|More children are being placed in care
CHILDCARE experts say these parents would be better able to cope if they received more support.
AROUND three in five Scots parents with learning difficulties will have had their children taken into care, compared to just two in five parents in similar circumstances south of the Border.
Children's charities and officials are now demanding more research into the care system in Scotland.
An official from the Scottish Consortium for Learning Disability warned Holyrood's Education and Culture committee that the figure in Scotland could be even higher.
And Scotland's Commissioner for Children and Young People Tam Baillie has also highlighted disparities in the general number of children taken into care across Scotland's 32 local authorities, with some councils removing more children than others with similar socio-economic profiles.
SCLD business and partnerships manager Andy Miller said: "Some estimates are even higher, at six out of 10 children (taken from) parents with learning disabilities.
"Our own view is that is too high. I don't know what the figures are for other vulnerable children who have parents with addiction or mental health problems. It might be equally high. It certainly feels high.
"Parents with learning difficulties find it really difficult to get the right support they need to parent, or even any support at all. We hold the view that with better support for parents, that number would drop significantly."
Mr Baillie told the committee there is a lack of consistency between care professionals and local authorities about the appropriate level of intervention.
He said: "Some of that can be accounted for by levels and concentrations of poverty, but not all of it.
"You will have councils with similar profiles, in terms of their socio-economic circumstances, who have got quite different rates of children being taken into a care or are being looked after.
"That begs the question of what else is going on there?"
"Resources play a large part in decision-making, but this is only part of the problem.
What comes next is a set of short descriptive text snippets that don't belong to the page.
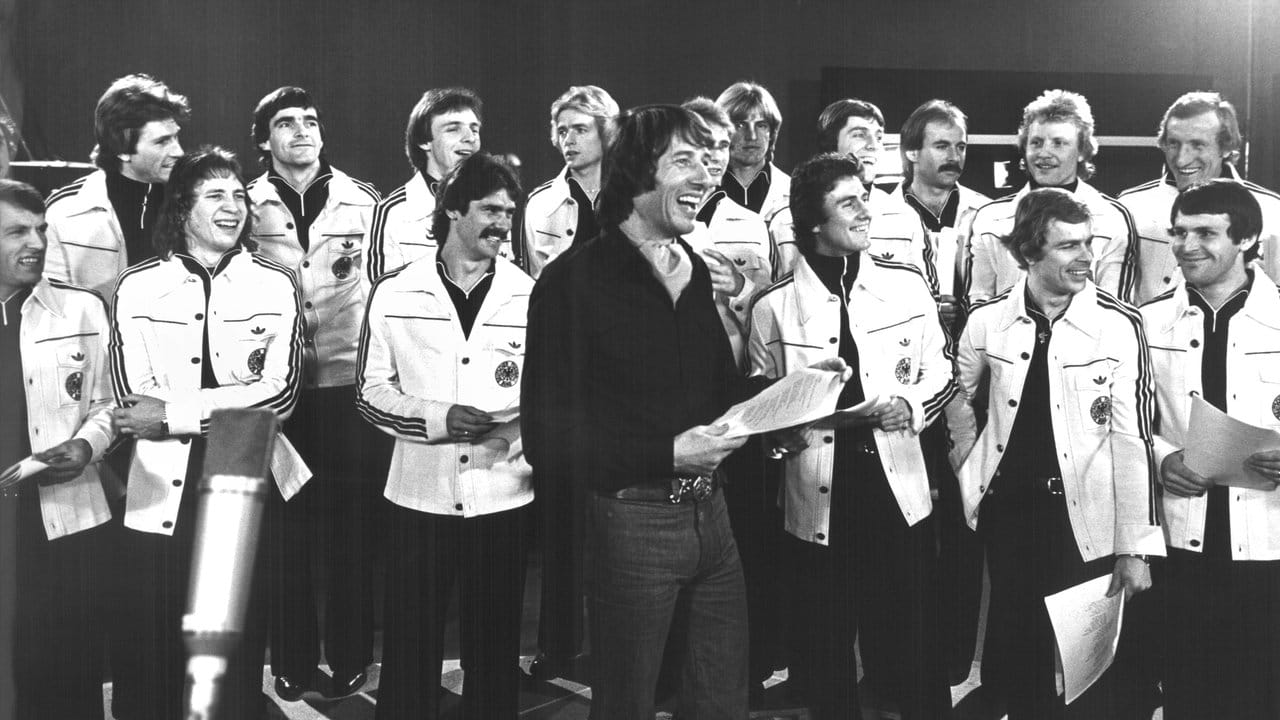 "Buenos dias Argentina" war der WM-Song von Udo Jürgens und der Fußball-Nationalmannschaft. "Buenos dias Argentina" war der WM-Song von Udo Jürgens und der Fußball-Nationalmannschaft.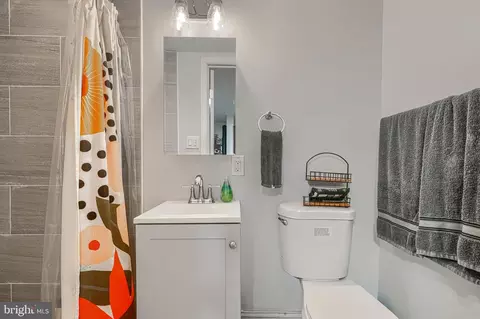 Bath - 821 Wicklow Rd, Baltimore, MD 21229 photo 3 of 4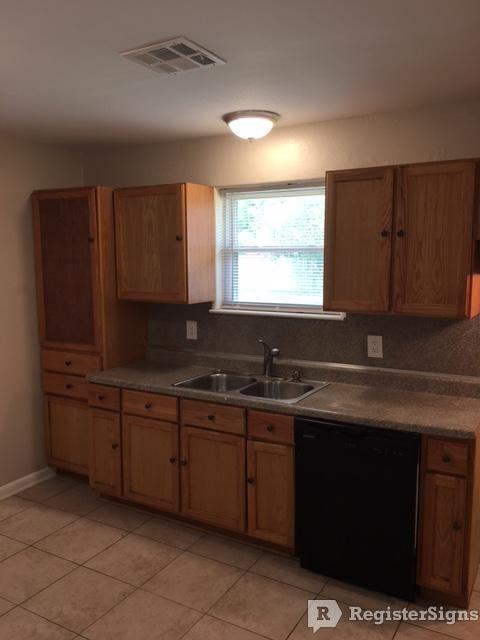 371 Joseph Pl - Photo 2 of 8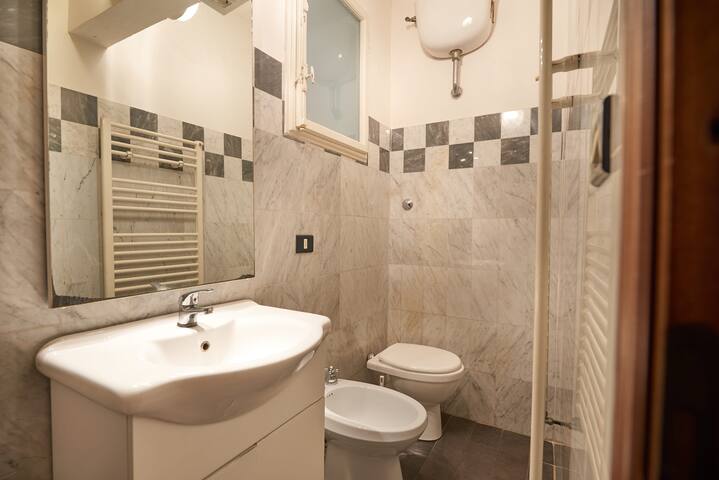 Nice 2 BR Apartment Near Duomo gallery image 5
Concerns about poor outcomes for children are reflected in various reports produced over the last decade and being aware of these poor outcomes will no doubt influence the decisions of professionals to move or not move children into care.
"Moreover, the availability of suitable placements and numbers of placement moves that some children are subjected to also impacts on decisions to remove children, in some cases when a move is needed.
"Decisions to remove should be led by the child's best interests and not by resources."